There was that movie with Charlton Heston called, you know, Earthquake. That was a big deal. I thought his costar Genevieve Bujold was a big deal, but for a different reason.
There was that earthquake where a freeway overpass fell and squashed a quartet of phone company guys in their pickup truck as they were headed for work. That was a big deal.
And that one where the CHP motorcycle officer tried to race across a bridge that was suddenly no longer there. That, too, was a pretty big deal.
I remember one, a little later, where a locomotive got tossed off the tracks. That was a plenty big deal.
Seismologists back in the day were all worried about the big one. The Big One. The. Big. One. Folks in Arizona were going to get beachfront property. I’d invest in a boat if I was you, because the Big One’s coming! Steely Dan: “California tumbles into the sea, that’ll be the day I go back to Annandale.”
I asked my dad if he thought the Big One was coming, and he said something I’ll probably never forget:
“Let me telling you something. You’re walking down the street, and suddenly there’s a tiny 1.1 sized earthquake. So small you don’t even notice it. But, it’s enough to dislodge a brick from the top of the building next to you. When that brick hits you on the head, there’s your Big One.”

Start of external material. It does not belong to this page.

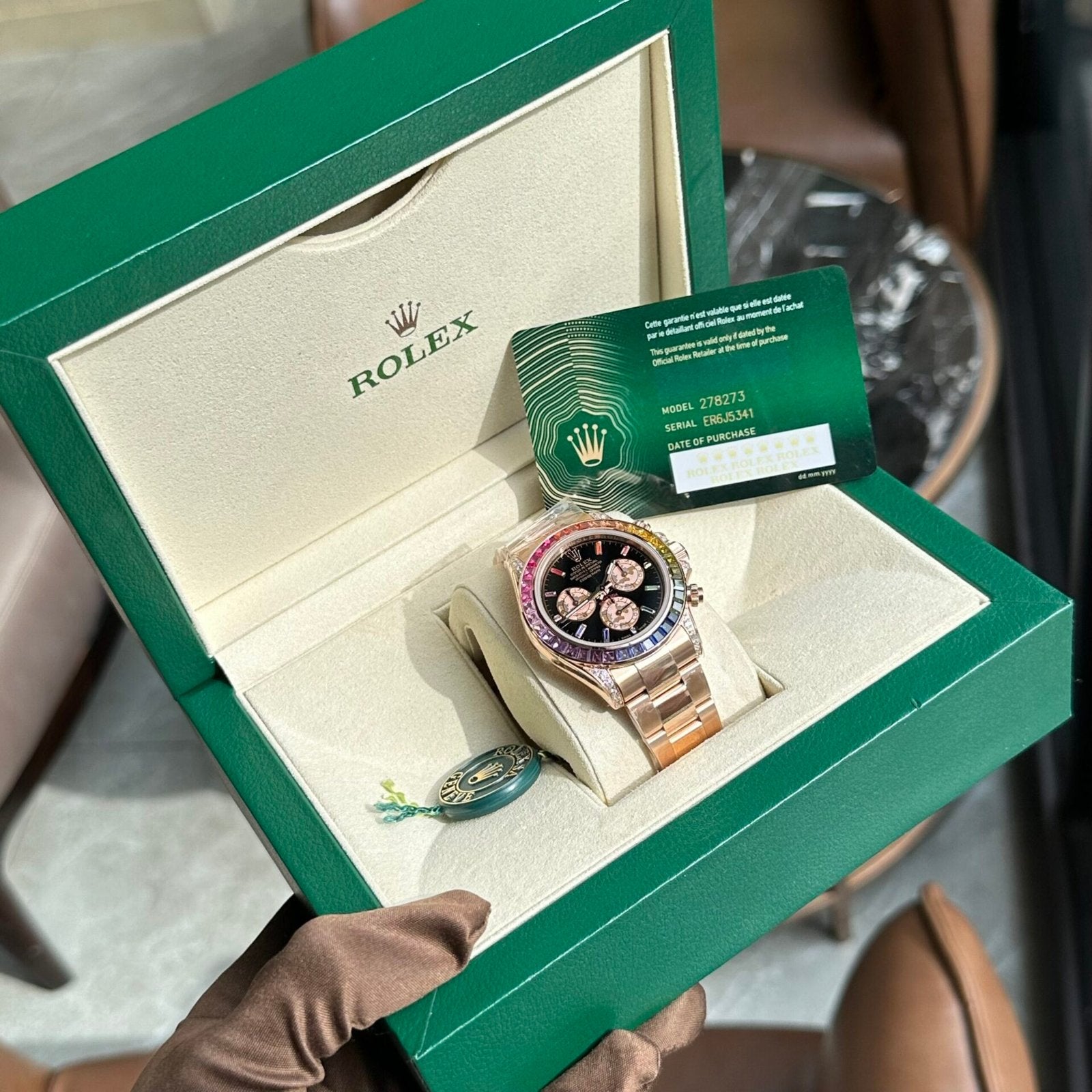 Rolex  Watch Daytona Rainbow Black Dial 40mm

So, you see, it’s not the scale of the event, it’s the impact of the event. What makes it Big is the impact it has on you. You’re the One it impacts. In thinking about it, of course, if I happen to be sunning myself on some beach in Jamaica and an earthquake throws California into the sea, that might be considered the Big One, whether it impacts me or not. Best not to look too deep into my dad’s aphorisms…
So, what in heaven’s name am I rambling on about now? What does this have to do with anything?
You’re a writer. You know how it goes. You work and work and work and create a masterpiece, and then, if you’re like me and don’t already have a literary agent, you float it out upon the email airwaves and hope and wait and hope and wait for an agent to read it and go “hot dang, Sunny Jim, you got yourself a winner there!” Okay, maybe you’re not like me, but you get the gist.
All it takes is a literary agent, just one, to like it. To read it and understand it and say “I can sell this.” Just one. Solamente uno.
And then, like a brick to the head, your life is different. Like a dropping owwy-maker from away on high, your writing career stops being a dream and becomes something tangible.
Waiting for that agent. That one. That Big One. That’s the deal. The dope. It’s what I’m doing, and it’s making me three quarters crazy!
Better maybe to go search for a falling brick.